Despite the obvious impact of the precipitous decline in enrollment, some still do not think cutting staff is necessary. According to the article , an anonymous email as floating around warning of the dire consequences to the quality of education if this position were to be cut.
These decisions are never easy and it is almost a certainty that some will not be happy about it. We 're no different. The ABC Moultonborough 2015-2016 School Budget Recommendations and Comments has quite a bit to say about our local situation.

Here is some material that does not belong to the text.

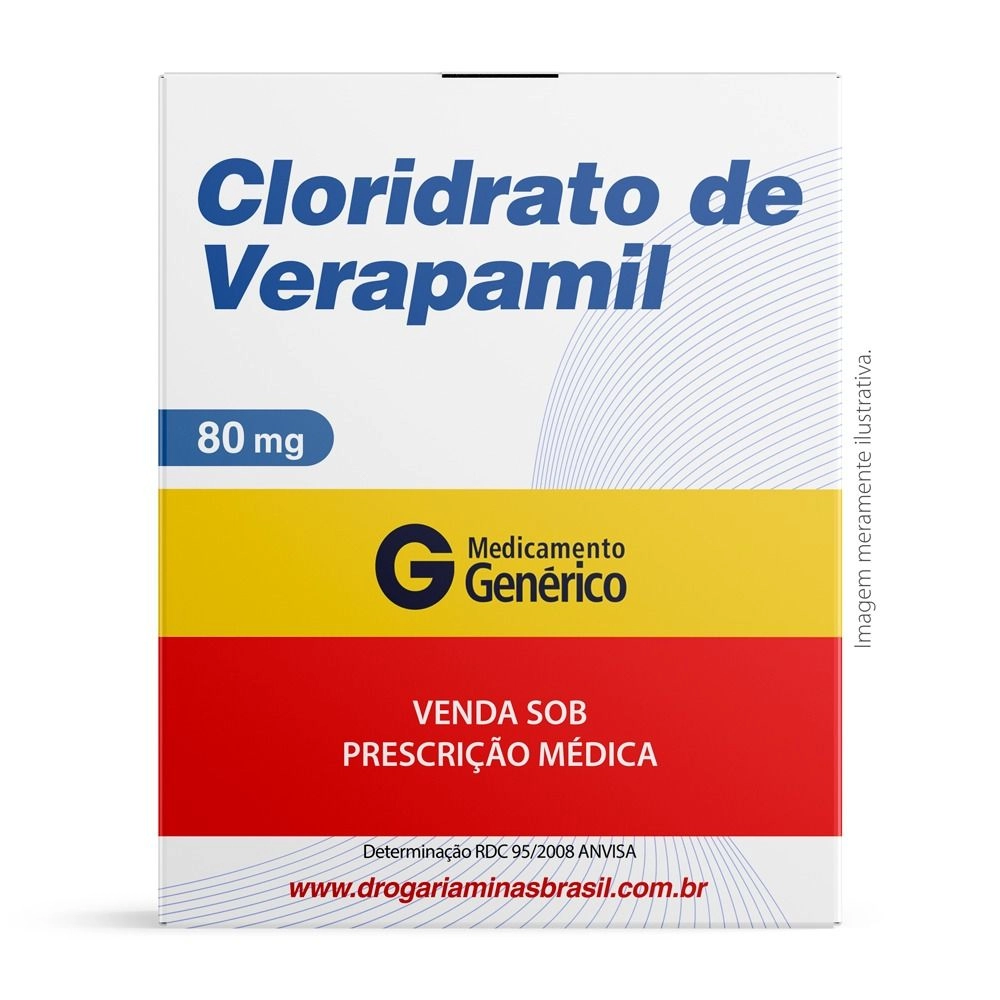 Cloridrato De Verapamil 80 Mg Genérico Ems Com 30 Comprimidos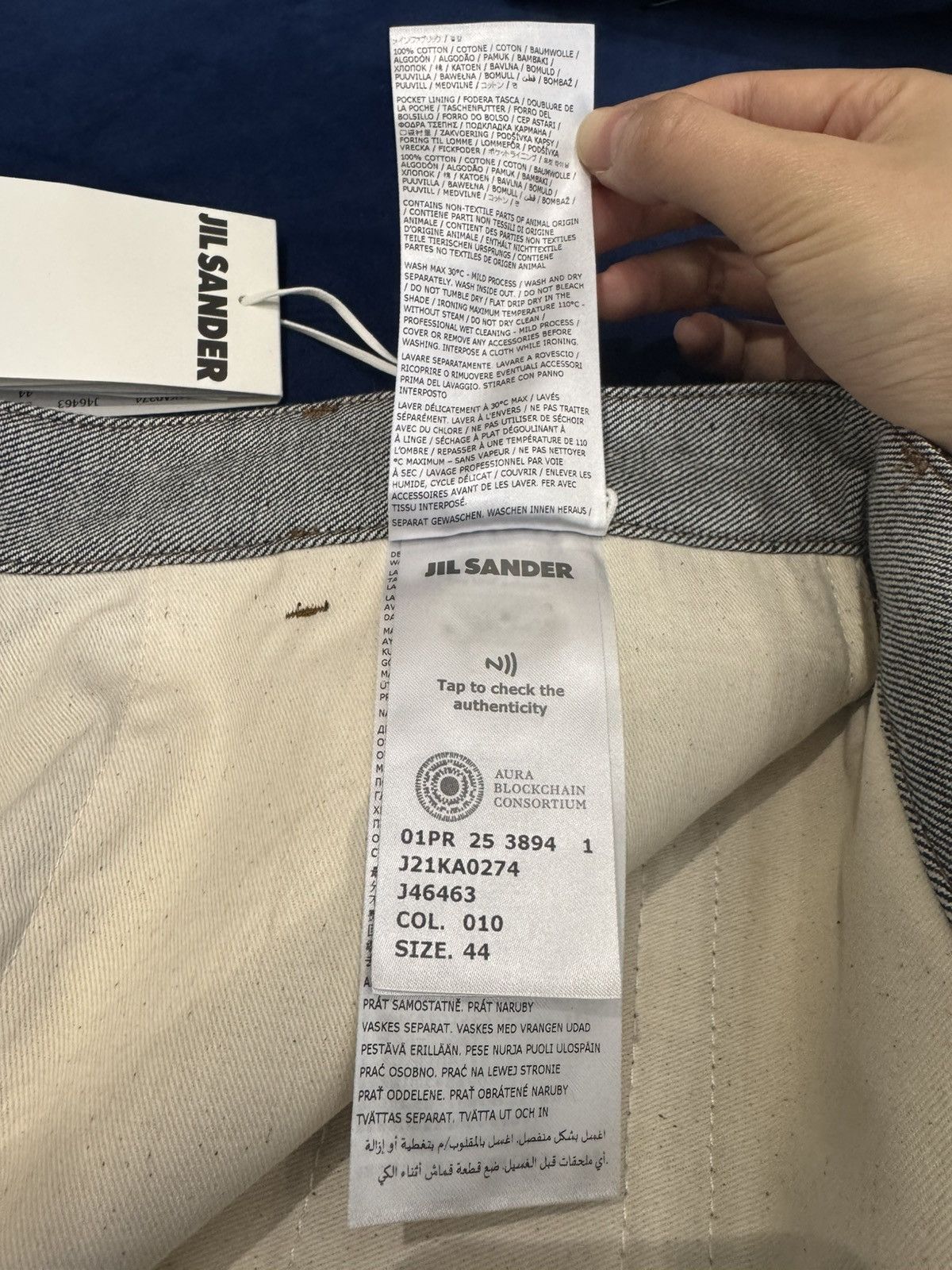 Jil Sander NWT Dark Indigo Denim Pleated Bermuda Shorts - BLUE, 44 Size US 28 / EU 44 - 6 Thumbnail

Our School District is being proactive and has hired a consultant to facilitate a strategic plan for the district. The discussion begins about 1 hour 4 minutes in on the video of the February 10th School Board meeting. Part of the scope of the work will be based upon current enrollment predictions. Hopefully if the public watches this portion of the video and participates in the process as the district has promised will be encouraged, the School Board will take into consideration that we all pay for this educational experience and the large majority of that money is paid with tax dollars of those that can't vote on how it is spent nor utilize the school system. Much of the rest is paid by folks that are average middle class or fixed income retirees who really are the majority of the full time residents of our town. The plan has to take that fact into consideration. The "truth" as you have read here, continues to be that we are paying $14M plus to educate 500 or so students.
I applaud the efforts of the school administration to seek help in developing a strategy to cope with what is the inevitable new normal. Thinking out of the box and finding innovative means to provide a quality education is a very good thing. How much does it really cost though to provide a "quality" education? In reality, it is up to every individual school district to define. While we can certainly afford to pay more than most, that should not be part of the equation.
I can appreciate that parents want the best for their children and keeping our schools as they are, but we need a healthy dose of reality mixed in and come to some realization that things have to change and as the new strategic plan may indicate, those changes may actually be for the better.